* [EXERCISE DETAILS]: Print the records below word for word, beginning with the first line and ending once the line containing "Se suma Secretaría" is printed.

(Collected data entries)

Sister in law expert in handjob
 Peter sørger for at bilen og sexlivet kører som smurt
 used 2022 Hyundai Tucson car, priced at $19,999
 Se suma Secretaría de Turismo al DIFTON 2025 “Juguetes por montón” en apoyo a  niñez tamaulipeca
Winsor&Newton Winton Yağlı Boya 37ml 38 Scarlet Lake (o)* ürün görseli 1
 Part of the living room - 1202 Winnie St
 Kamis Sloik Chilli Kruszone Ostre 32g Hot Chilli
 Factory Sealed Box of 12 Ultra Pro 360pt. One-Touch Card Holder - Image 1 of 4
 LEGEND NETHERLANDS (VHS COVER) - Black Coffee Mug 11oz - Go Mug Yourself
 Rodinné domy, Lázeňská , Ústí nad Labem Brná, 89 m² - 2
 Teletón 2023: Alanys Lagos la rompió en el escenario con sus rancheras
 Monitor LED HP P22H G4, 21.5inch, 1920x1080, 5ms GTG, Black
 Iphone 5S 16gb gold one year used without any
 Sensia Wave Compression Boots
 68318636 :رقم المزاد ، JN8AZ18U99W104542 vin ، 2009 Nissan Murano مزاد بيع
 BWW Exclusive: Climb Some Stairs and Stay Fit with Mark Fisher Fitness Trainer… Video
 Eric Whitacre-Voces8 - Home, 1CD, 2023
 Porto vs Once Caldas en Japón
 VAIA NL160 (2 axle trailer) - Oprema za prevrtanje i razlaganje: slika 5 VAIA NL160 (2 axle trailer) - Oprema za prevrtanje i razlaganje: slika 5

* [RESULT BELOW]:
Sister in law expert in handjob
 Peter sørger for at bilen og sexlivet kører som smurt
 used 2022 Hyundai Tucson car, priced at $19,999
 Se suma Secretaría de Turismo al DIFTON 2025 “Juguetes por montón” en apoyo a  niñez tamaulipeca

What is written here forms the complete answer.